**What the task asks**
A bare number is the only acceptable answer: how many lines of these entries include "Figure"?

(Brief descriptive captions)
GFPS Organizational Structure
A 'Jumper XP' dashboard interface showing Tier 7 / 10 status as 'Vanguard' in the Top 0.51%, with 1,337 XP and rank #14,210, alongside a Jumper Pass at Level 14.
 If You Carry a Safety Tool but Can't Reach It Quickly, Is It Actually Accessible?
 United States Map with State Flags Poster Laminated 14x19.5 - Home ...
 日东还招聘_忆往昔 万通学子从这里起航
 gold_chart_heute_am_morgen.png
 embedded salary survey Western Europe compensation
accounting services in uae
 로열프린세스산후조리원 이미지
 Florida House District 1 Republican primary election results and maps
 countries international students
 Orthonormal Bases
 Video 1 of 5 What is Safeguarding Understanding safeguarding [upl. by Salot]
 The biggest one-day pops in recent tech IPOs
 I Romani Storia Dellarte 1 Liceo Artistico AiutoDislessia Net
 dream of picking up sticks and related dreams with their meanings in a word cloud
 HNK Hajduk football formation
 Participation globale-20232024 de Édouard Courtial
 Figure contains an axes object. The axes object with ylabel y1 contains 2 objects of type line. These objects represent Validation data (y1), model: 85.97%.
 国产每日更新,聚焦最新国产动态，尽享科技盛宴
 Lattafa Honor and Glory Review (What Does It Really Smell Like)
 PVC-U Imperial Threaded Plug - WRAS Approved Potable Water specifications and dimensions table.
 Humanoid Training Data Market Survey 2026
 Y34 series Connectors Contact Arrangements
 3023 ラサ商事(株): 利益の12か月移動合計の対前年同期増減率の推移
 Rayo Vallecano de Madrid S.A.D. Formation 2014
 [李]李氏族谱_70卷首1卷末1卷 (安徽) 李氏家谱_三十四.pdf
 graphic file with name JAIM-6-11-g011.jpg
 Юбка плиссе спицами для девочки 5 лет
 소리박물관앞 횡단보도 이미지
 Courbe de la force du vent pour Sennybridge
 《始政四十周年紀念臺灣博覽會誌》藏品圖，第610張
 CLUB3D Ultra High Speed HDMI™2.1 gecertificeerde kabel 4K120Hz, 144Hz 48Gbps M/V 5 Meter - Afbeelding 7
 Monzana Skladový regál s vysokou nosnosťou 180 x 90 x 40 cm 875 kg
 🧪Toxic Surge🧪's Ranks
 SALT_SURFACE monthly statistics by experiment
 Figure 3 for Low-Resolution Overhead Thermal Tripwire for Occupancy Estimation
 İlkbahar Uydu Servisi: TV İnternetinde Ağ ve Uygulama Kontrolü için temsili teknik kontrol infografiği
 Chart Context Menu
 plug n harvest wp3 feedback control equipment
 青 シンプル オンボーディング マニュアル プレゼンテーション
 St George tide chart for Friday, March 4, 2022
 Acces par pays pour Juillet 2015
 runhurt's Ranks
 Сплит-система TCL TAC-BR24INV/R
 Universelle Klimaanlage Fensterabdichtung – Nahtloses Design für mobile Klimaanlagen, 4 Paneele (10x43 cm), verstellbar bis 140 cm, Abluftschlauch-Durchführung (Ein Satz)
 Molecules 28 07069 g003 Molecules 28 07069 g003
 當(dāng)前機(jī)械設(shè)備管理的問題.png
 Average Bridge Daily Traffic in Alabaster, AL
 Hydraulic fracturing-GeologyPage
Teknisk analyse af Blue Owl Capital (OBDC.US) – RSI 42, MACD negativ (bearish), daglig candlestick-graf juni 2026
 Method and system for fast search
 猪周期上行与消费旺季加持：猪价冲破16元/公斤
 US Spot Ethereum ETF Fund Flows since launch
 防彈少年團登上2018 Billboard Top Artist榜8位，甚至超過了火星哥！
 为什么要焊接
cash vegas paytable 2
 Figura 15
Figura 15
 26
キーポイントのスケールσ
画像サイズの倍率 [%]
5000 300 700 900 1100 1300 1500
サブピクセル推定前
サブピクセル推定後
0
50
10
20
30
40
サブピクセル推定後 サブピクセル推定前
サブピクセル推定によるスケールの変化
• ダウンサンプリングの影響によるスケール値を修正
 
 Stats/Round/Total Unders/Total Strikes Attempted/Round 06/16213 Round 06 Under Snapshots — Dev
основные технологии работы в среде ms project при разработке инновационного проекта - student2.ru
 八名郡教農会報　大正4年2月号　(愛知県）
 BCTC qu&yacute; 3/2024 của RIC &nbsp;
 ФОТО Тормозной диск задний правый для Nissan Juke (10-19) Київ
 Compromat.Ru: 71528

**Exercise response**
2